India’s Ministry of Health and Family Welfare recently launched a routine immunization program in 201 priority districts, providing vaccines against seven deadly diseases. The program intends to immunize 90 percent of infants by 2020. Only 65 percent of Indian children receive complete vaccination during their first year.

This leaves a substantial proportion of children exposed to deadly diseases that can be prevented. This deficiency can be attributed to lack of information and awareness, and a level of apprehension among parents. A blend of traditional media exposure and digital communication, with strong on-the-ground mobilization efforts are driving this initiative.

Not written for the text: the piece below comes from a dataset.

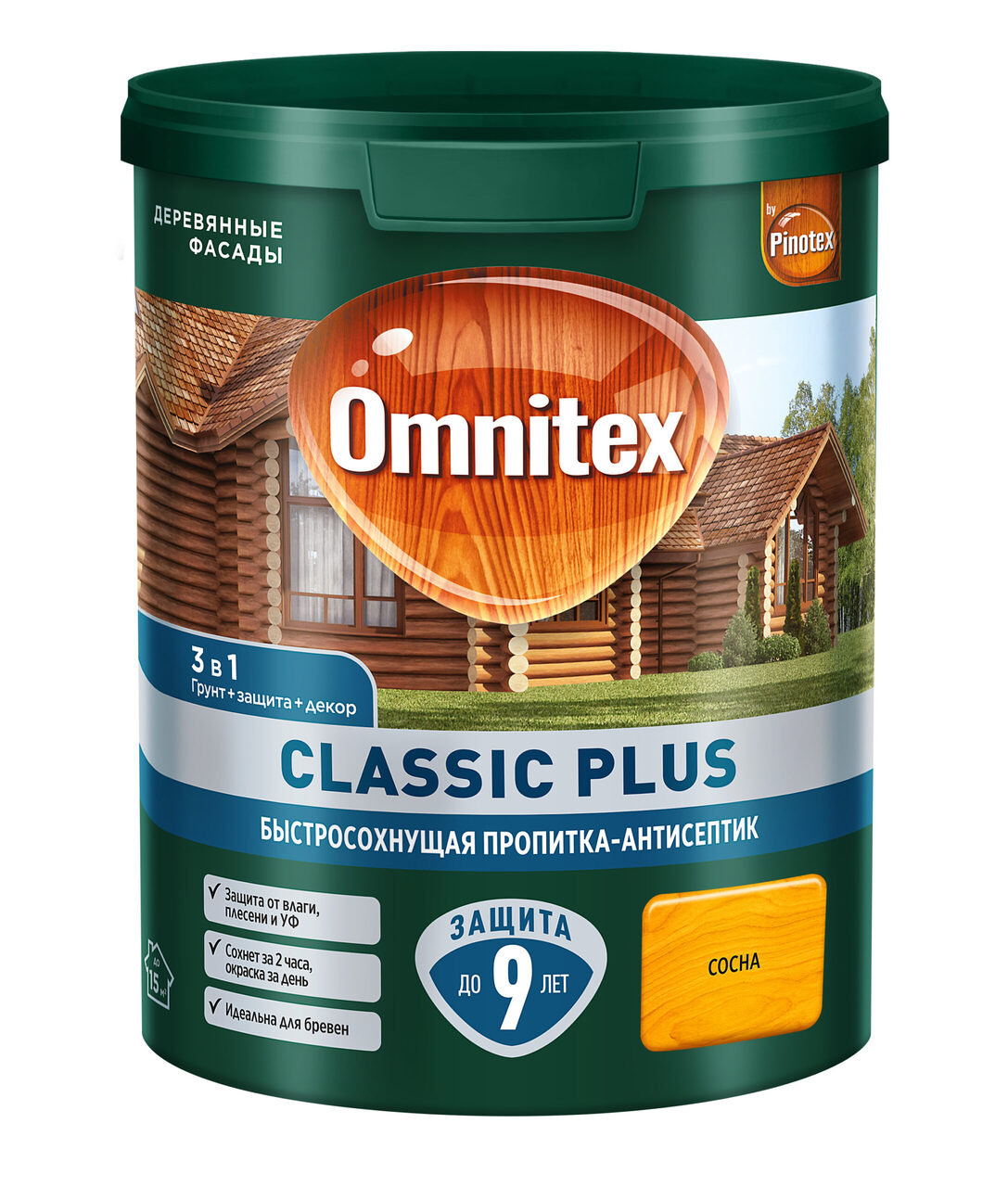 Пропитка-антисептик Omnitex Classic Plus 3 в1 быстросохнущая сосна 0,9 л / 1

Innovation is the cornerstone when it comes to rural empowerment. Multinational companies are exploring new ways to reach consumers in remote areas of the country to improve their lives in various ways. With its award winning innovation, the Kan Khajura Tesan, an on-demand mobile entertainment channel that integrates the medium of radio with mobile phones, Unilever reached eight million consumers in eight months. An idea, which stemmed from the simple insight of using mobile technologies in media dark areas, has provided 700 million minutes of entertainment to rural consumers with brand messages being heard 425 million times in a span of 15 months.

Other notable initiatives that have effectively reached rural India include, Oral Health Month by Colgate- Palmolive (India). The initiative developed after the International Market Research Bureau’s (IMRB) Consumer Usage Attitude Study found that a mere 2.5 percent of Indians visit a dentist at least once a year compared to a global average

of 48 percent. Colgate embarked on a universal dental coverage project. In collaboration, the Indian Dental Association and Colgate launched Oral Health Month. This initiative included advertising, public relations and on-ground activations ensuring consumers could get free dental check-ups in more than 1,300 cities and towns with over 35,000 participating dentists.

With the Indian economy growing at a healthy pace, the writing on the wall is clear: rural consumers and rural development will help lift the economy even higher. Brands, companies and governments alike have recognized the power of traveling deep into the rural nooks and corners of urban India to empower the untapped population and recruit new consumers. In the near future, we might see consumer brands learning a lesson or two about rural outreach from the Government of India. The need is large enough to benefit from the investment and creativity of both the public and private sectors.